Wiggle Honda Pro Cycling’s performance at the Ronde van Vlaanderen – the Tour of Flanders – shows that the team is on track for the big targets approaching, feels team manager Rochelle Gilmore. Black and orange riders Charlotte Becker and Giorgia Bronzini finished the 139km race in 16th and 18th respectively, in a group 1’21” behind race winner Ellen van Dijk (Boels-Dolmans), but were significantly just 20 seconds behind the battle for the podium places.
“The girls rode well,” said Gilmore after the race. “We don’t really have a Classics rider and we’re looking to peak for the Tour of Britain and the Chinese World Cup in May, so we’ve not really peaked yet with our lead riders. We rode well and we proved that everybody’s level is lifting; to still have five girls there with 30km to go is pretty good.
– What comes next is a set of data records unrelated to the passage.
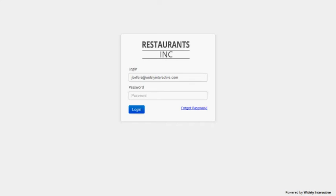Okay, we're demoing the restaurant CMS. I'm Jay Belfor, software director at Widely Interactive, and I will go ahead and log in to the backend admin panel.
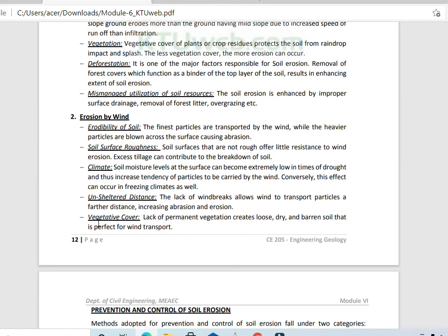Other causes of soil erosion include erosion by wind, climate, soil surface roughness, and erodability of soil.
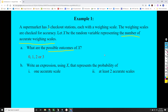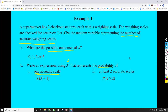For part B, we write expressions using random variable X notation. For one accurate weighing scale, we write P(X = 1) — the probability that the number of accurate weighing scales is one. For at least two accurate weighing scales, 'at least two' means two or more, so we write P(X ≥ 2) — the probability that the number of accurate weighing scales is greater than or equal to two. Instead of writing the whole sentence, we express it concisely with this math notation.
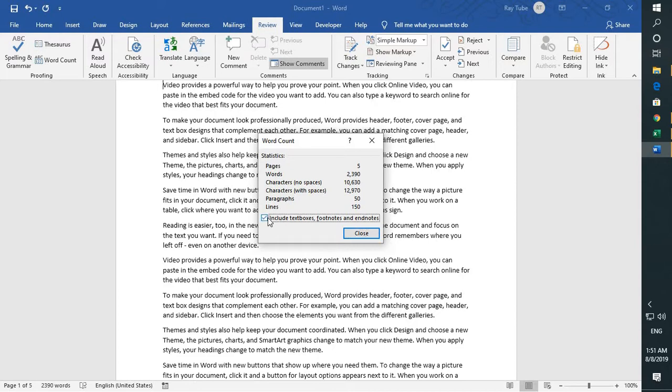So, this is how you can go ahead and find the word count or character space count in Word 2019 and also the previous versions of Word.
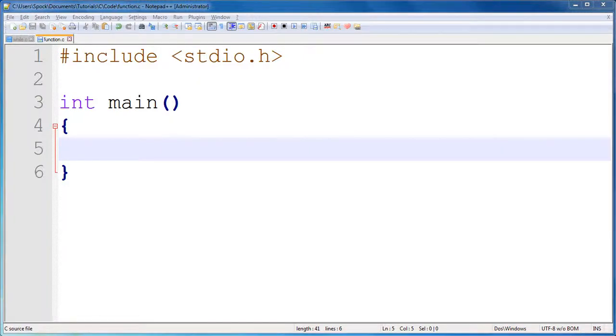In this tutorial, we're going to take what you've learned so far and use it to create a factorial solving program.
“I’m happy with the level we’re at, and the timing and everything,” Gilmore added, “and I’m really looking forward to seeing how the Brits go tomorrow and at the Energiewacht Tour.”
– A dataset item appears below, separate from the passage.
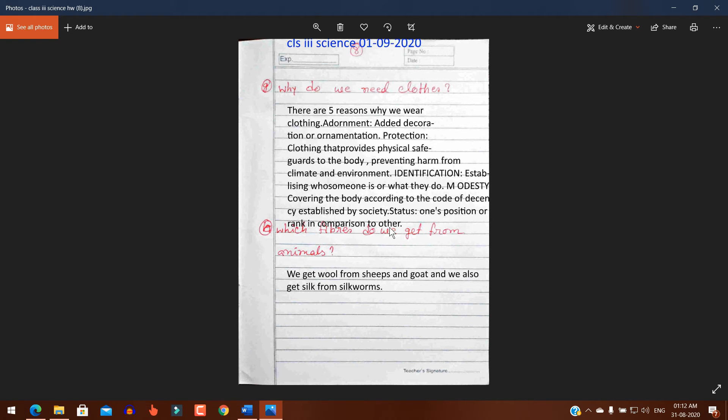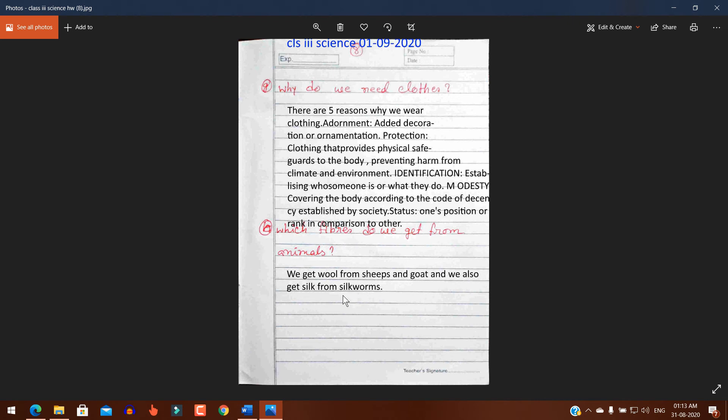Question B: Which fibers do we get from animals? Answer: We get wool from sheep and goat, and we also get silk from silkworms.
Two-time road World champion Bronzini was a victim of one of the numerous crashes that hit the peloton in the early kilometres of the race. She was not badly hurt, but the fall affected the Italian a little.
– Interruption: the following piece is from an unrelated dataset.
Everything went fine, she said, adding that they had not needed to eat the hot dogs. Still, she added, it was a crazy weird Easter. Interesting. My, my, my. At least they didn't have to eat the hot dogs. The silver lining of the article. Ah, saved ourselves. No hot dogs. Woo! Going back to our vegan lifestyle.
“It was a big crash and I fell on the other girls, so I just had a handlebar on the leg,” Bronzini explained. “That leg was a little bit sore though, and I felt it a little bit on the cobbles later on.
“In the finale I was in a little bunch with Lotte after the last climb, and tried to work because the little bunch was only ten seconds for us, but when she came up to work the others stopped. It was impossible that Lotte alone could catch seven girls.
“In the end we were a little bit sad because we were only [20] seconds away from second place,” Bronzini added, “so if someone had given us a hand we could have fought for the podium.”
Wiggle Honda Pro Cycling will be joined by British Olympic and World Champions Laura Trott and Dani King, as well as New Zealander Emily Collins, in tomorrow’s GP Dottignies, where Bronzini is optimistic that the team can perform well again.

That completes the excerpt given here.